弓を選ぶのは、余程の経験がなければならない。
弾力性や吸いつき具合を調べるのには、相当の鑑定力か、演奏技術がなければならない。
音楽とは、演奏された音を聴いて、良しあしを判断するのである。
彼の指揮法がどうとか、あの人の運弓法がこうとか、ばかな音学評論家が、
何かに書いていたことがあったが、さすがに現在ではいなくなったようである。
さて、弓作りにとって一番大切なのは、材料である。
前に弓の材料はペルナンブコと書いたが、世界中の音楽関係者がそう呼んでいるのであって、それは正確ではない。
ペルナンブコとは、ブラジルの州の名前である。
そこで取れる木という意味だろうと思うのだが、私も何回かブラジルに行って調べたが、はっきりしたことはわからなかった。
作曲家の伊福部昭先生に調べていただいた。
先生は昔、農林省にいらしたことがあり、植物のことには詳しくて、
またヴァイオリンも演奏されていたことがあり、細かく説明してくださった。
世界中のペルナンブコと呼ばれる木は、日本の学名スハウ(蘇枋)で、蘇方、蘇芳、蘇木と書き、熱帯地方に産する高木。
黄色の花を開き、材は楊弓(ようきゅう)などに作り、そのカンナクズは赤紫色の染料とする。
長い間、フランスはじめヨーロッパで染料として、南米から輸入していたこの木に、
目をつけたのが、前回述べたフランソワ・トゥルテであった。
試しに弓を作ってみて驚き、これ以上の材料はない、ということで、数々の世界に残る名弓を作り出した。
そこで世界中の弓作りがこの木を使うようになり、数が減り、現在では伐採禁止になってしまった。

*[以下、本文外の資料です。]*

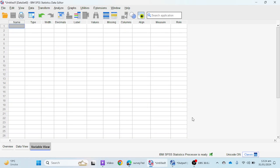Hello everyone. In this video we will learn how we can enter data in SPSS 29. If you are using a previous version, there is no change in entering data. Suppose you have a questionnaire for your research and you want to enter data from a Likert scale, semantic differential scale, or any other scale — we will see how to enter data from these scales in SPSS.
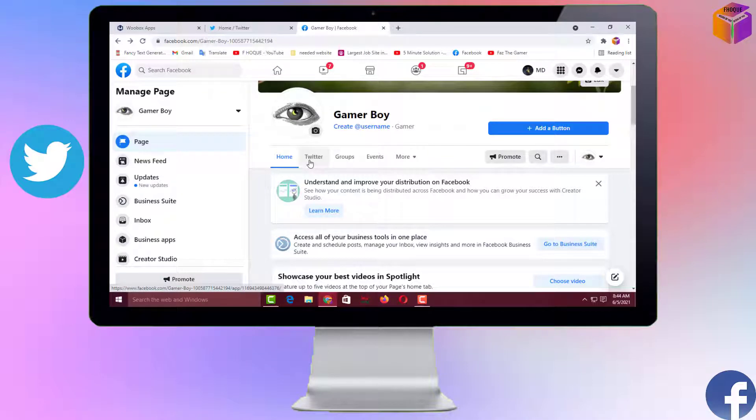Hello friends, welcome back to my YouTube channel. I hope you're doing well. Today I'm going to show you how to add a Twitter tab on your Facebook page. By connecting a Twitter tab on your Facebook page, you can redirect your viewers to your Twitter account, and as a result you will get more followers and popularity.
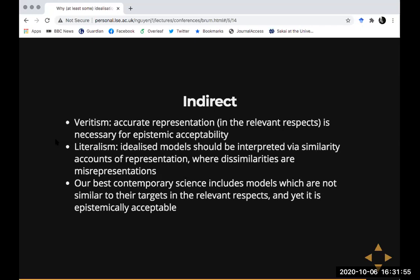If you think about Elgin's project in 'True Enough' — and I think you could extend the same to Potochnik's project — the option they take is to reject veritism: to allow that we have epistemic acceptability or aims of science that don't turn on accurate representation. What Frigg and I point out is that there's another option available: you can hold on to veritism and instead reject literalism, thereby exploring the different keys that could be associated with the different uses of models in science, in a way that allows those models to remain accurate representations despite containing distorted aspects of their targets.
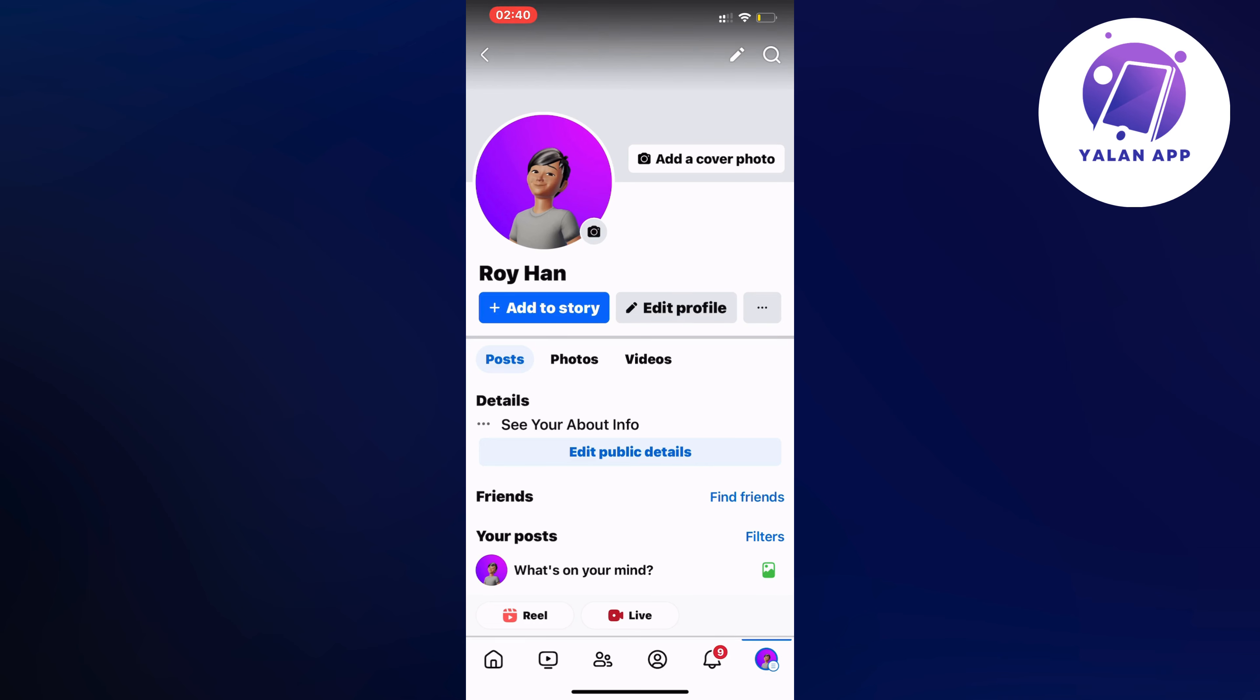So what you're going to do firstly is to actually open up your Facebook app. Don't do this on your computer, it's much better in my opinion to do this on your Facebook app on your mobile.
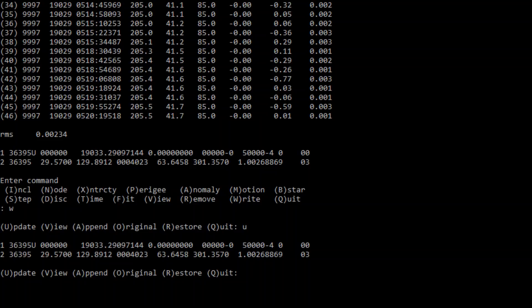You can use this software to refine an existing orbit or calculate a whole new orbit. If you have an unidentified object, you can calculate approximate orbital elements by tracking it over time and using this program to log observations in IOD format. Check the links in the video description. Thank you all for watching — clear skies, folks.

この木は人工的に植林しても良いものができず、密林の中で、長い年月をかけて育ったものでないと使えないそうである。
ブラジルの私の知人(ドイツ人)が伐採し過ぎたので罪滅ぼしに、密林の中に二十万本植えた、というので、
いつ使えるようになるかを聞いたら、二百年後とのこと。
最近、自然破壊の進んでいるブラジルで、本当にこの木が無くなったらどうするのであろうか。
まだ何十年分の材料があるとはいうものの、百年後は音楽も必要なくなるのだろうか。
私は楽器と弓をそろえるのに五十年かかった。
現在の若い人たち、特に日本人は、親から買ってもらった良いものを持っている人がたくさんいる。